# DATA EXCERPTS:
---*---
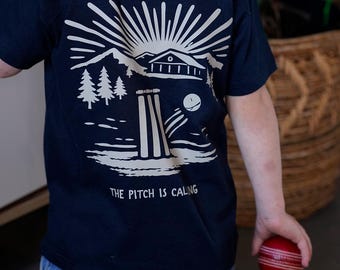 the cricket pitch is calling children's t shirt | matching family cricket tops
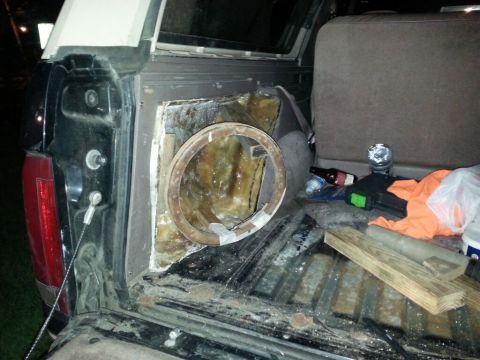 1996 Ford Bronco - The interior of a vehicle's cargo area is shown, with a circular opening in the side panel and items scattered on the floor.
---*---
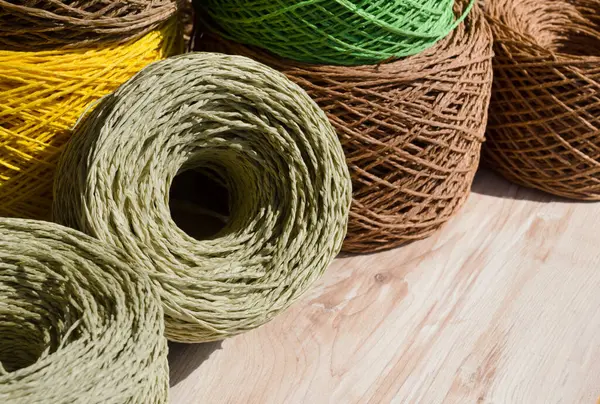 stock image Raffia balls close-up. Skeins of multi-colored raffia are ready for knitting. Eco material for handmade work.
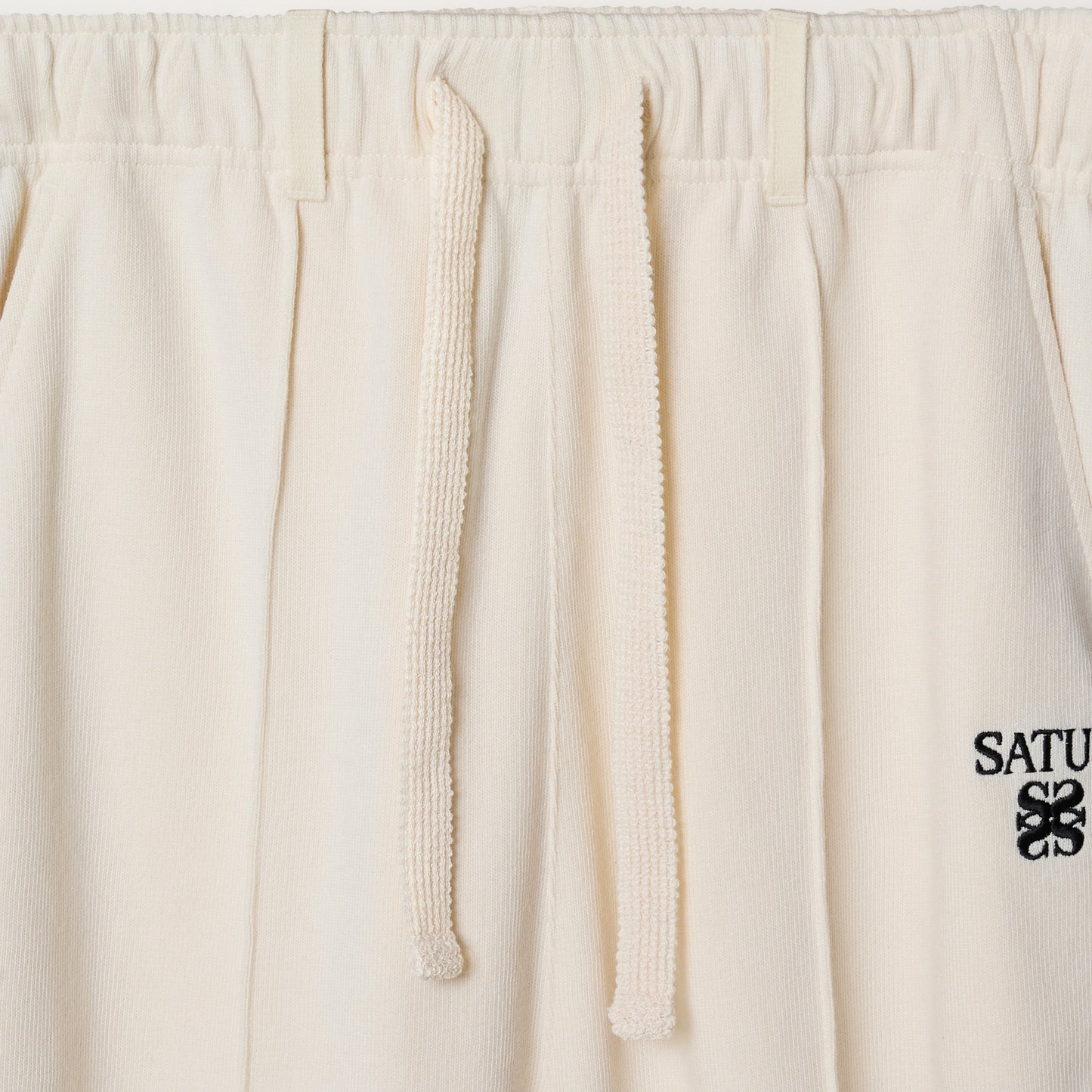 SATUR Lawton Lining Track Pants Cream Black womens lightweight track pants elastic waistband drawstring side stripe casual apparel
---*---
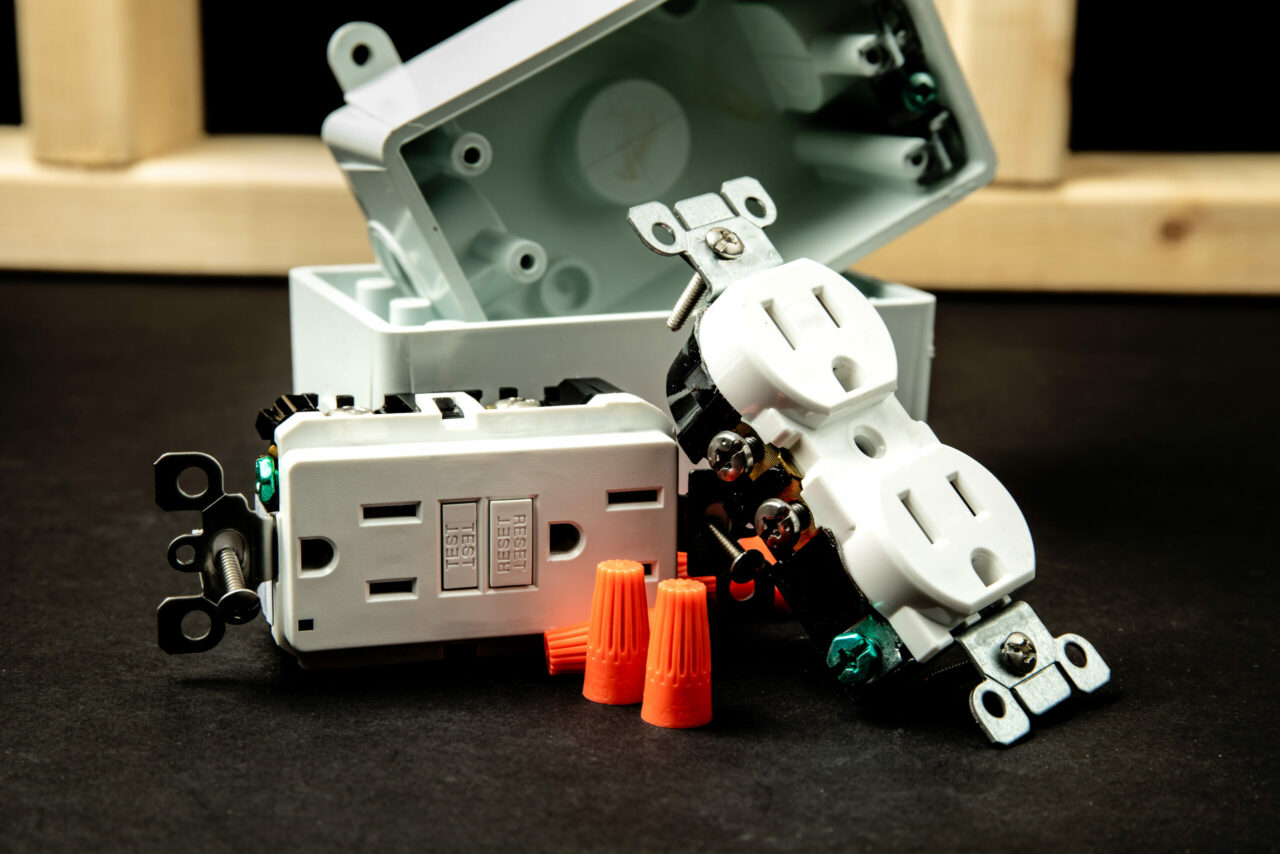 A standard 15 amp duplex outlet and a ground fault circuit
---*---
# WHAT YOU SHOULD DO:
Leaving out the pictures, please output the lines in the entries above from the one with "stock image Raffia" through the one with "SATUR Lawton Lining", exactly as they are.

# THE COMPLETED TASK:
 stock image Raffia balls close-up. Skeins of multi-colored raffia are ready for knitting. Eco material for handmade work.
 SATUR Lawton Lining Track Pants Cream Black womens lightweight track pants elastic waistband drawstring side stripe casual apparel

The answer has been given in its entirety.